Between the gradual geo-shift eastward over the last few years from the wonder white westside bubble I'd been living in for the previous fifteen, my boyfriend's insistence that Asian foods must be healthier than all the pasta, pizza, buttered bread, 40-ounce steaks and pancetta-wrapped lardo we've been eating since we started dating because look at all us skinny-ass Asian people, and I suppose just boredom, we've been more frequently extending beyond our very tight radius for food. We've ventured into downtown LA a few times together: Alma when it opened, Bryan Ng's Spice Table, and The Parish for a wine event. Granted, we have not yet gone back to any of those specifically, which might be more a function of the restaurants themselves rather than downtown LA, but the subject of new, non-ethnic downtown LA dining is weighty enough to deserve its own post.

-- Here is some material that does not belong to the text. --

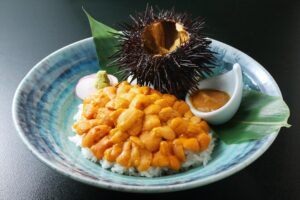【南三陸キラキラうに丼ＤＸプラン】鮑の踊り焼も付いて驚愕の夏の王者『うに』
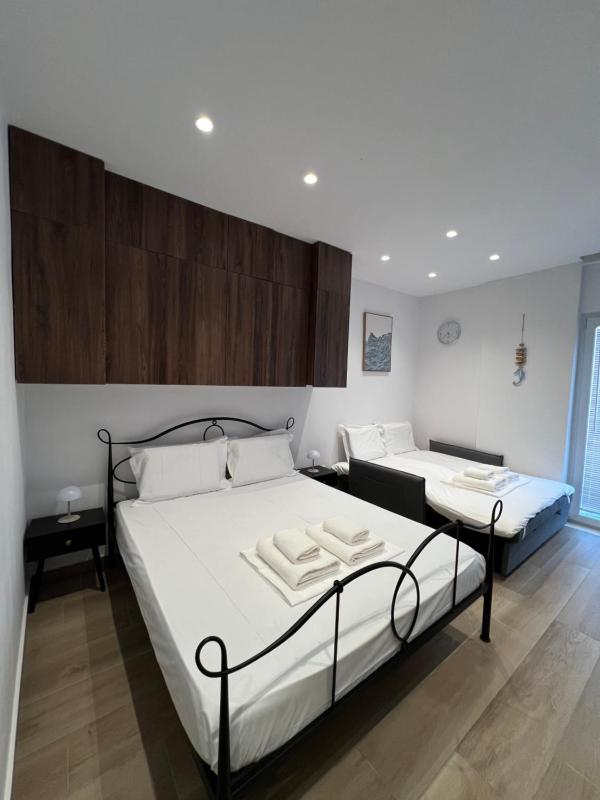 Drymades Studio Apartment - image 14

We have talked about trying any of the various ramen, shabu shabu and sushi restaurants in Little Tokyo, but not actually gone. How not-going is an achievement may not be obvious to you, but for us, merely entertaining the idea of going downtown for 90 seconds then eventually dismissing it is a big step up from previously never thinking about it in the first place because we have versions -- albeit horrible versions -- of all of that, within two miles of us.
And of course, there is Koreatown, which is closer to us, in both drive-time and taste preference. So far, we have only gone to two restaurants in Koreatown this year. One restaurant makes up 90% of our total visits to Koreatown, but like I said, this, for us, is an achievement.

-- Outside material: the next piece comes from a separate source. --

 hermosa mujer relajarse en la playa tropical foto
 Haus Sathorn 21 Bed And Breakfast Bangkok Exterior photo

The other restaurant is OB Bear, which isn't exactly a restaurant restaurant. It is the Korean version of what a non-Korean gastropub is trying to be. In other words, OB Bear actually IS a gastropub, a place not necessarily lauded for its cuisine, or for anything else for that matter. It's just a place to go to hang out and drink, that serves food on the side either 1) to comply with some sort of license to continue serving alcohol to patrons who are already sufficiently buzzed from the three other places they were drinking previously, or 2) to make sure those patrons eat something, anything, to counteract some of that alcohol before they head back out, pink and glowing, into the wild, wild Western Avenue to sing, dance or whatever. Not that I would know anything about any of that since the last time I went out out in "K-town" was 1997 which is essentially, never.
So obviously we ate dinner and drank water.
{pictured above: Kimchi Tofu. stir-fried kimchi with steamed tofu}
Leek Pancake with Spicy Dipping Sauce [$5]
Tong Dak - Small
Small fried chicken, served with pickled jalapenos, pickled radish, and a raw green cabbage salad with a disgusting Thousand Island-like mess of dressing. I forgot about Koreans' obsession with mayonnaise and Thousand Island dressing.
3002 West 7th Street
Los Angeles, CA 90005
213.480.4910p.s. Free parking in a lot a few storefronts west of the restaurant, valet attended parking in a lot for $8.
DHo says
So does this mean fried chicken is healthier in KTown?
Sarah J. Gim says
Korean fried chicken is the reason we 55-year-old Korean women look like 11-year old boys.
Sarah J. Gim says
DHo: so much healthier -- calorie-burning and anti-aging. korean fried chicken is the reason we 55-year-old Korean women look like 11-year-old boys.